Segment Start: SOURCE DATA
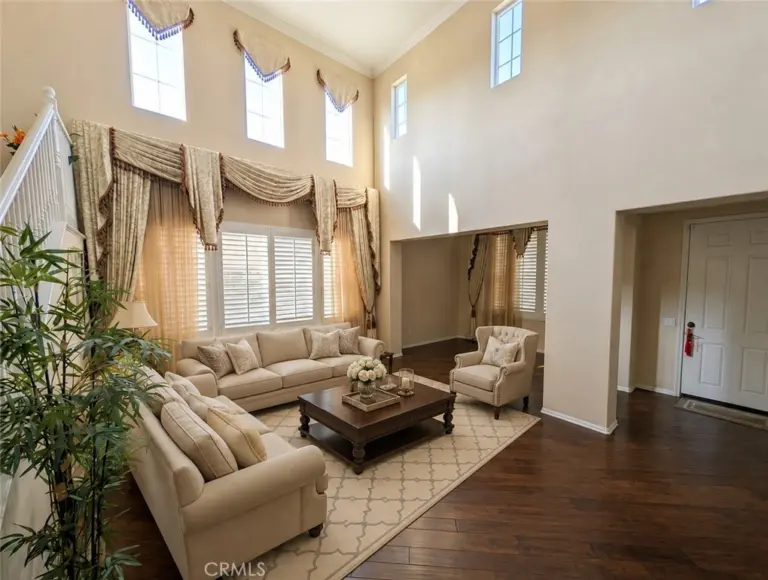 7297 Meurice Circle, Eastvale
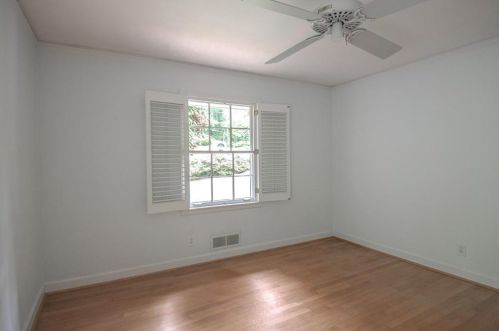 100 Finchley Ct, Atlanta GA  30328-2034 exterior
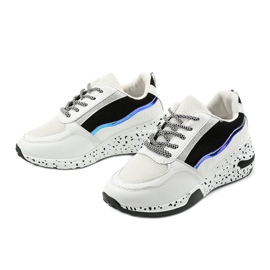 Sneakers sportive bianche con inserti neri C-3151 bianca nero 2
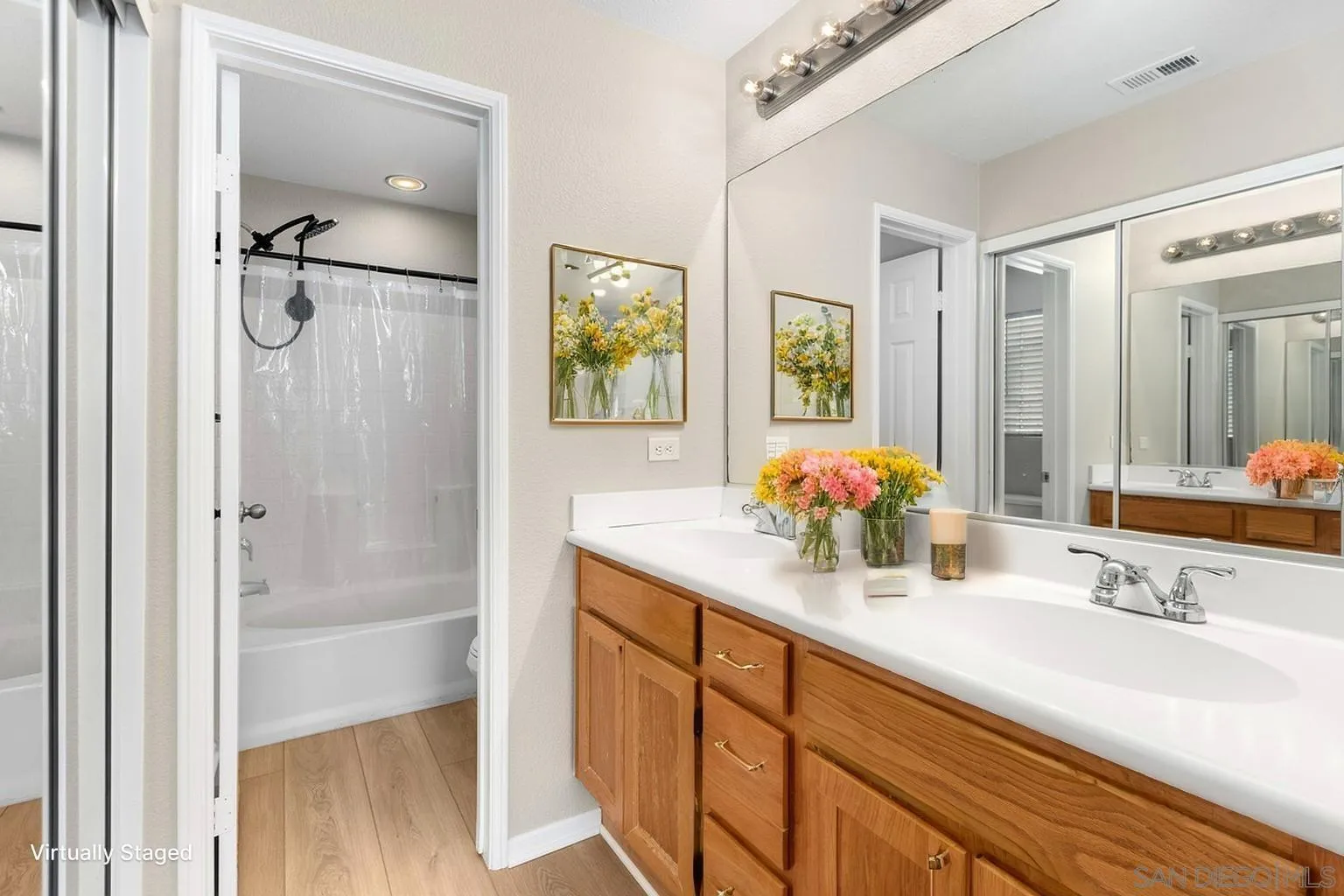 https://cdn.realtyfeed.com/cdn/127/250033378/56469632a7776e25323a2889f3f84683.webp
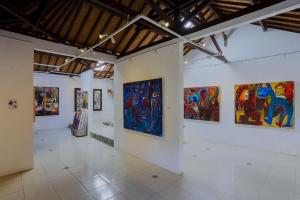 苏卡瓦提Rumah Paros & Gallery的相册照片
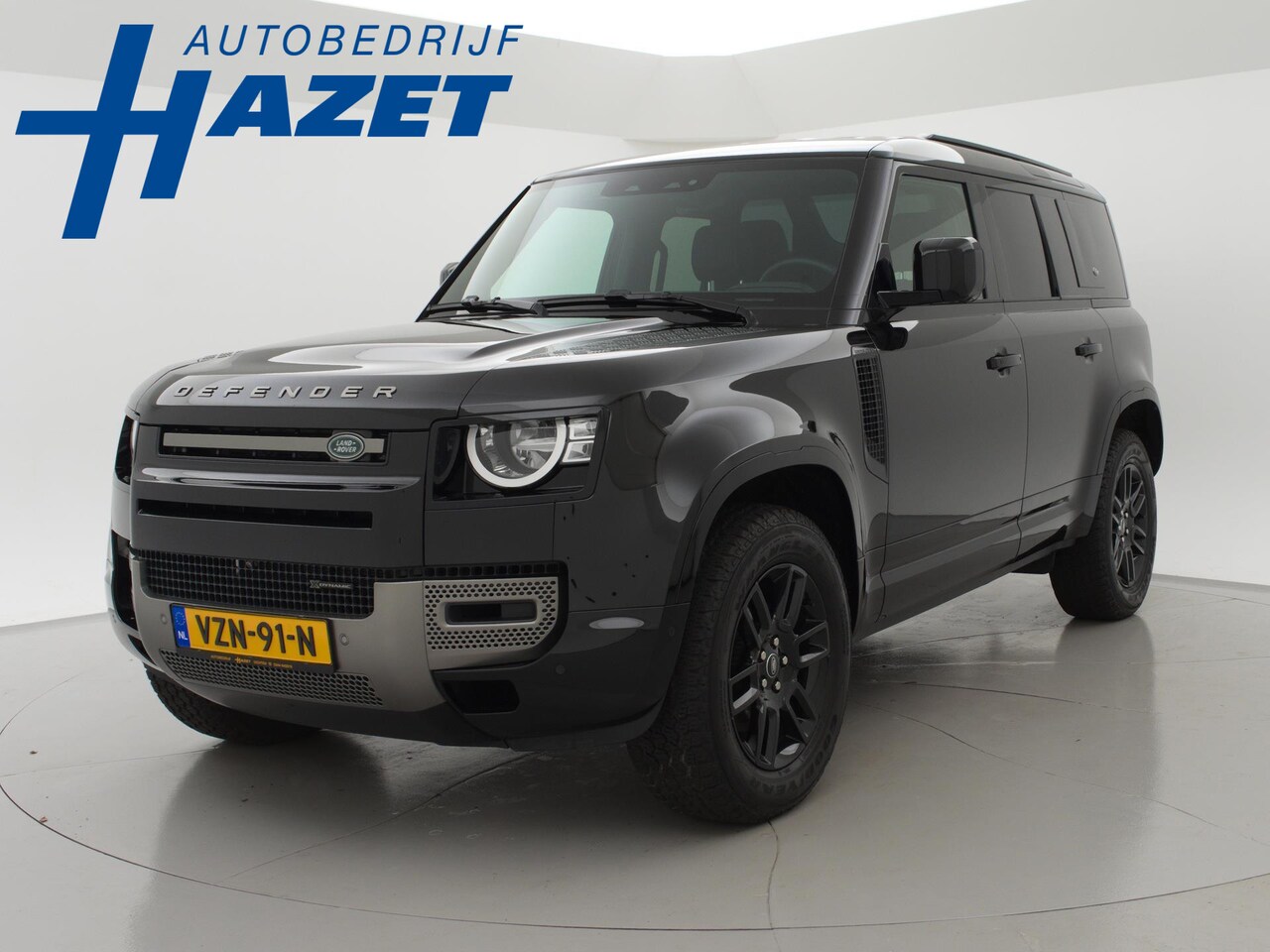 Land Rover Defender - 110 3.0 6-CILINDER D250 X-DYNAMIC GRIJS KENTEKEN - AutoWereld.nl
Segment End: SOURCE DATA
* **WHAT THE EXERCISE ASKS**:
With the pictures left out, return each entry exactly as written.

* **ANSWER SECTION**:
 7297 Meurice Circle, Eastvale
 100 Finchley Ct, Atlanta GA  30328-2034 exterior
 Sneakers sportive bianche con inserti neri C-3151 bianca nero 2
 https://cdn.realtyfeed.com/cdn/127/250033378/56469632a7776e25323a2889f3f84683.webp
 苏卡瓦提Rumah Paros & Gallery的相册照片
 Land Rover Defender - 110 3.0 6-CILINDER D250 X-DYNAMIC GRIJS KENTEKEN - AutoWereld.nl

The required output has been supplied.